The Surrey Database of Agreement from the Surrey Morphology Group includes information from 15 languages. The following citation is included in their Theoretical Assumptions and gives a good first impression what agreement actually is about:

"The term agreement commonly refers to some systematic covariance between a semantic or formal property of one element and a formal property of another. For example, adjectives may take some formal indication of the number and gender of the noun they modify." (Steele 1978: 610)

The site also provides in documentation about how to make queries (including short descriptions of the most important linguistic expressions) and how to interpret the resulting information.
The Surrey Morphology Group has built four other databases that are on-line browsable:

Most of the Surrey databases have the same sort of interface. The first two are of course highly related to each other; they both deal with syncretism although the second focuses on person syncretism. Syncretism occurs when two or more functions are represented by the same morphological form. For example the lopen ('walk') is the inflectional form for 1st, 2nd and 3rd person plural. Next to person syncretism you can search the 'all type' database for number, case, gender, tense, mood, voice, aspect and definiteness. Syntax, semantics and word class can be considered to play a role as well.
If you visit the homepage of the Suppletion Database, you will immediately encounter a clear definition of 'suppletion' which makes it rather redundant to repeat it here. The Deponency Database categorizes "mismatches between the apparent morphosyntactic value of a morphological form and its actual value in a given syntactic context."

Ethnologue (SIL) covers more than 6,000 languages. In the Introduction a short historical description shows the start and development of the catalogue. In the catalogue itself you find information about languages, dialects, language families, language regions, populations including their statistics. Also geological, ecological, religious background information and more.. The information can be found either by clicking a region an the map or by browsing the database.

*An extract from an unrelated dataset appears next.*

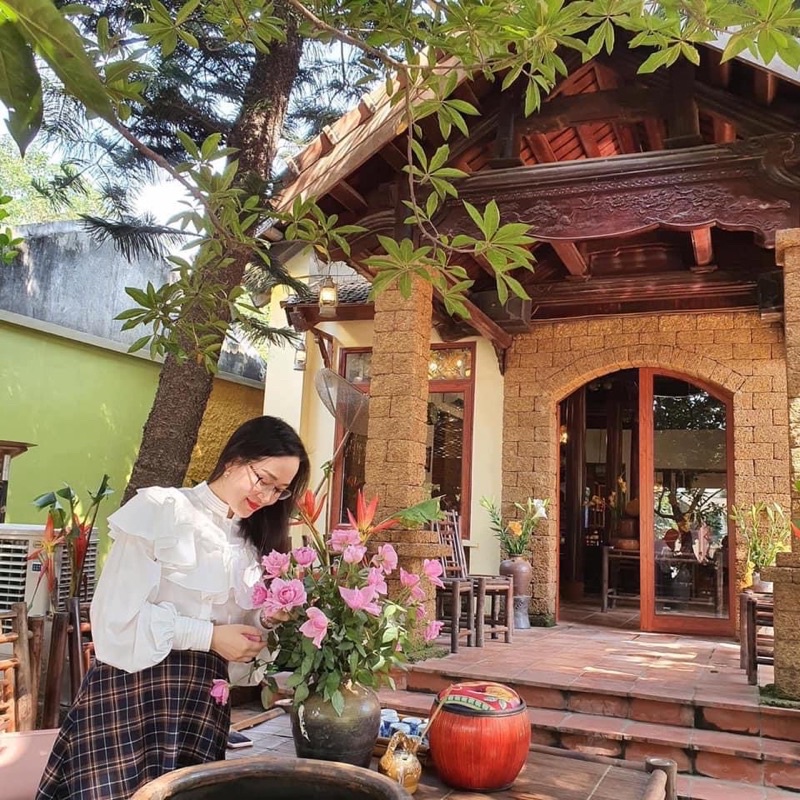 Áo sơ mi trắng tay bồng phồng G08 CÓ BIGSIZE 75KG dễ phối với chân váy - các loại quần thời trang - GEM.VN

The Universals Archive of the University of Konstanz collects the universal 'rules' for language. These are extracted from linguistic literature and have often the form: "If language L has property X, it must also have property Y." Of each universal is listed where it can be found in the literature; if there are any, counterexamples are given, as well as explanatory comments. The laws do not have names, as you often see in physics and math, but a number and up till now there are 2034 of them listed in the archive. A brief guide maybe of help browsing/searching and interpreting the data.
Wherever there are laws and regularities, there is rule breaking and exceptional behaviour. Das Grammatische Rarit├Ątenkabinett is created to store the rarities of human language. The database has almost the same structure ast The Universal Archive but has in addition recorded in which language(s) a rarity has been found and, if so, which universal is violated. The 144 listed phenomena are being typed as rarum (rare), rarissimum (very rare) or singularium (unique).

The Anaphora typology database is a database under construction but already worth to take a look at. It contains data about the binding properties of reflexives and reciprocals, but just for three languages yet (Korean, Peranakan Javanese and Sakha (Yakut)). You can search by language, local coreference strategy or example sentence.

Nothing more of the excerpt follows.